3-1. Number of Temperature Sensors Installed

In the above embodiment, an example is described in which two temperature sensors are installed within the base portion 100, but three or more temperature sensors may be installed at different positions within the base portion 100. In this case, as the heat flow path model described in FIGS. 1A to 1C, a number of heat flow paths corresponding to the number of temperature sensors installed may be modeled in the same manner as the above-described embodiment.

To be specific, in the case where n temperature sensors are installed in the base portion 100 (where n 2), for each of the first to nth heat flow paths, a heat flow path model, which is similar to that shown in FIG. 1C, is constructed. Then, the temperature equation in each of the first to nth detection positions is formulated. Then, the relative relationship of heat balance characteristics at each of the first to nth detection positions is defined as the heat balance relative coefficient. After that, the surface temperature is measured in the same manner as in the embodiment described above.

3-2. Selection of Temperature Sensors

A configuration is also possible in which three or more temperature sensors are installed at different positions in the base portion 100, and the surface temperature of the measurement subject is measured by selecting at least two temperature sensors from among the installed temperature sensors. In the case where, for example, three temperature sensors are installed, two temperature sensors are selected from among the three temperature sensors so as to perform temperature measurement. In the case where, for example, four temperature sensors are installed, two or three temperature sensors may be selected from among the four temperature sensors so as to perform temperature measurement. Here, as an example, the case where three temperature sensors are installed in the base portion 100 will be described.
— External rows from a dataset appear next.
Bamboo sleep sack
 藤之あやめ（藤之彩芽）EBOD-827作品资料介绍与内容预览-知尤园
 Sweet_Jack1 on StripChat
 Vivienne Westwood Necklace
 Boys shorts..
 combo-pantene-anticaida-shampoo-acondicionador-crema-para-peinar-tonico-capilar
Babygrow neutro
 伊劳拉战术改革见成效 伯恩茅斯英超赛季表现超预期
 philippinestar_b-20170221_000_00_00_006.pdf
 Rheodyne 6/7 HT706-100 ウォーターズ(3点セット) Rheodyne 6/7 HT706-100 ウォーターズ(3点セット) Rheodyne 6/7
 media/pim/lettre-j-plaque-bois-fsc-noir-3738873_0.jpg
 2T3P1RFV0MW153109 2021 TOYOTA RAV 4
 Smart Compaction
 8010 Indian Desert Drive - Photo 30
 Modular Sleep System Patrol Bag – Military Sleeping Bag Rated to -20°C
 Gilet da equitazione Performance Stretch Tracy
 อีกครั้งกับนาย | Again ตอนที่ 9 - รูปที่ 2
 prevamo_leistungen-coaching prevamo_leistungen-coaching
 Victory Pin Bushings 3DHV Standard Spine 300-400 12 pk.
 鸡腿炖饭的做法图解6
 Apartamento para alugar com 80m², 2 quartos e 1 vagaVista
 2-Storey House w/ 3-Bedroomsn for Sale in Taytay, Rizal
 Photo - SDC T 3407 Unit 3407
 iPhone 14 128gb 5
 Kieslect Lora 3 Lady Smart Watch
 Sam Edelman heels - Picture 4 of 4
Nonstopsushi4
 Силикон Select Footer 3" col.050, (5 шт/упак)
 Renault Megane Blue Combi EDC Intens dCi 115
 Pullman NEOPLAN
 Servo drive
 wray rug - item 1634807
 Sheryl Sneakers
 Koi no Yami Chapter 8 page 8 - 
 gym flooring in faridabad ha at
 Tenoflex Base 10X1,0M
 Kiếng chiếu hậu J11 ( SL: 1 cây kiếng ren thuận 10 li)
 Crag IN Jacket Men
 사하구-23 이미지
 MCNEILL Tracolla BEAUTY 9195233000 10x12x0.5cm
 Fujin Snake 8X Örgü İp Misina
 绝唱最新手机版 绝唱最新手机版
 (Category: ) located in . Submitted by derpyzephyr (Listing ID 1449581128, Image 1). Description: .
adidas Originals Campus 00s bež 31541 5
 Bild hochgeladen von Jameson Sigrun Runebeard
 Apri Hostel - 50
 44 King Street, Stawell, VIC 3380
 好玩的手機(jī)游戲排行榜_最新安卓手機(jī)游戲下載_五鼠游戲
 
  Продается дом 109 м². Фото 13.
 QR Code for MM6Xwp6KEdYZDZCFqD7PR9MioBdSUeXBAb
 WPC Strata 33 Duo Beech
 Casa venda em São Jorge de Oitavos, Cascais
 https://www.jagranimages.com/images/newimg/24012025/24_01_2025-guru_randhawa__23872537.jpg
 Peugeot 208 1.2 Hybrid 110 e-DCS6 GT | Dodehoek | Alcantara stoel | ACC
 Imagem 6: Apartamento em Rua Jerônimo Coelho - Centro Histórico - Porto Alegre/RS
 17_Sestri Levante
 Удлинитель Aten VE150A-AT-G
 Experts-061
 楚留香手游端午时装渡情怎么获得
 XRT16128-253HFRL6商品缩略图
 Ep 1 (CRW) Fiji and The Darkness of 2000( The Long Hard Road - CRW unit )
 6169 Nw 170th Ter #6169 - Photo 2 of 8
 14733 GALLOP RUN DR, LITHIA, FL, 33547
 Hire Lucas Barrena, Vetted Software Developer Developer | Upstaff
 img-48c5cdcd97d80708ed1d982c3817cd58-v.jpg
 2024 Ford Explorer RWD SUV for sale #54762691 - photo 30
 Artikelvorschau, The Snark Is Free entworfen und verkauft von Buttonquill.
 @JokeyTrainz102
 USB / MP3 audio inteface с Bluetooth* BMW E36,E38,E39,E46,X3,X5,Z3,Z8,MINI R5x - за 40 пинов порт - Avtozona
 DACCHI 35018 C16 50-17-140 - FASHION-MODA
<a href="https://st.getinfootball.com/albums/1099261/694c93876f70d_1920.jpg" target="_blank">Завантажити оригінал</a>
FIG. 8A is a diagram showing an example of a schematic configuration of a base portion 100G according to the present variation. The base portion 100G includes a first temperature sensor 11, a second temperature sensor 12, and a third temperature sensor 13 that are respectively provided at a first detection position P1, a second detection position P2, and a third detection position P3.

FIG. 8B is a diagram showing a functional configuration of a computation processing unit 300 according to the present variation. The computation processing unit 300 further includes a temperature sensor selecting unit 313. The temperature sensor selecting unit 313 is a selecting unit that selects two temperature sensors from among the three temperature sensors.

FIG. 9 is a flowchart illustrating additional processing performed immediately before step A3 of the temperature measurement processing shown in FIG. 7, the additional processing executed by the computation processing unit 300 shown in FIG. 8B according to the present variation.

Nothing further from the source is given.